There she was─Heroine.
Over a mid-sized boulder that seemed awkwardly misplaced, she sat. A touch of freshly wiped tears marking her stretched cheeks, and the disheveled madness of her dry, untied hairs spread all around her back. Someone screamed from the nearest shack─perhaps a drunk father! Heroine screamed back, burst into tears and ran across only to sit over another boulder that seemed to appear out of nowhere. From that distance, Shastri-ji saw her lips move in anger before her hands produced something─a piece of crumpled paper and two pencils. One of which she stuck in her hairs and with the other she lost herself in the wrinkled world of that little piece of paper that she seemed to treasure. Shastri-ji waited, watched. Minutes passed, perhaps hours. Around Heroine, screams died down and the ghetto moved at it’s own pace. All that changed in her was that smile─that honest tint of joy that only blesses a new born. With her pencil carefully traversing the crumpled paper and creating on it a world only she knew of, perhaps the troubles of her little, worthless life pulled out. A few other girls gathered round her, all of the same age. They tried to peek, they giggled, Heroine laughed, perhaps Shastri-ji saw a tint of shyness. Another moment and she was the same Heroine, lost in a world of her own with nothing to bother her. Shastri-ji looked at his watch.

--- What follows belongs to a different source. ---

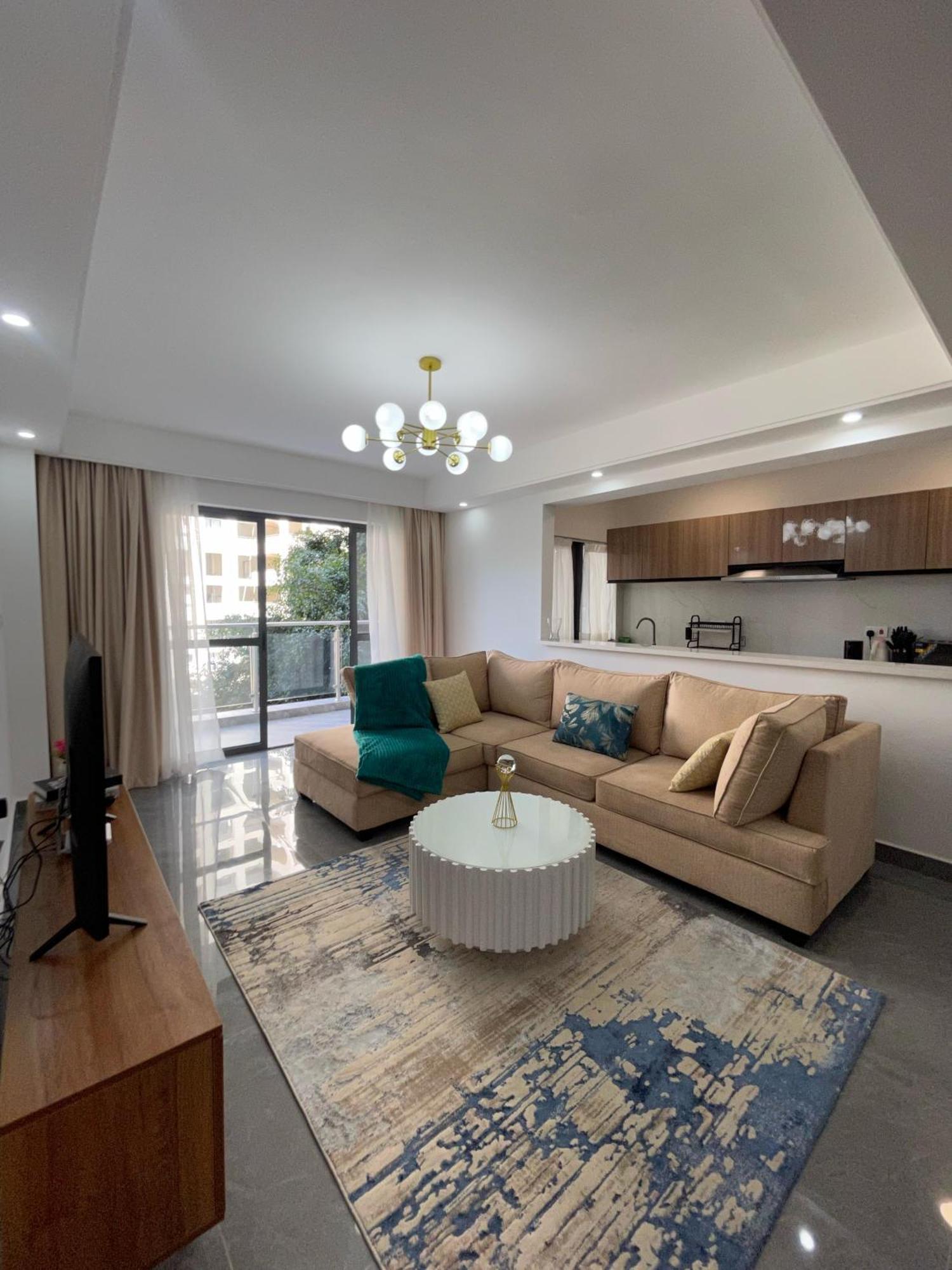 Modern Furnished 2-bedroom Apartment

Only a few minutes─and a careless girl morphed in front of his old eyes into a melancholy woman, into an angry recluse, into a frail human being, and back again to what he had always known her to be.
Shastri-ji walked away, wondering, thinking if the world could really be broken down in such narrow segments as he believed from time immemorial. Perhaps not, perhaps what he saw was only a garment clothed around the true spirit of life; of which a spirit had no ends. The hidden truth, perhaps it was always to be; only to be seen when he walked down the narrow, dirty lanes of secret lives. Perhaps the truth was that girl with a pencil stuck in her dry hairs, not that careless maid who didn’t do justice to her job. Yes, that was it! Shastri-ji knew, and then he never judged. And he started to smile. So much that for a few days, gatekeeper Chandu Pandey from Chhapra thought that our dear old Shastri-ji has been diagnosed of some cancer that often befalls our favorite heroes from Hindi blockbusters and after which they start to spread all the love and happiness around, make young women cry and want to marry their posters. Well, Chandu Pandey never got to know the reason, but Shastri-ji still smiles. His wife is not Hitler any more. Subbarao has ceased to be a swine.
Secretly, Mrs. Chandni is still a Chhamak-Challo.
Heroine is still a heroine for him. She would always be the girl who taught him not to judge. She would always be the girl with a pencil stuck in her dry hairs.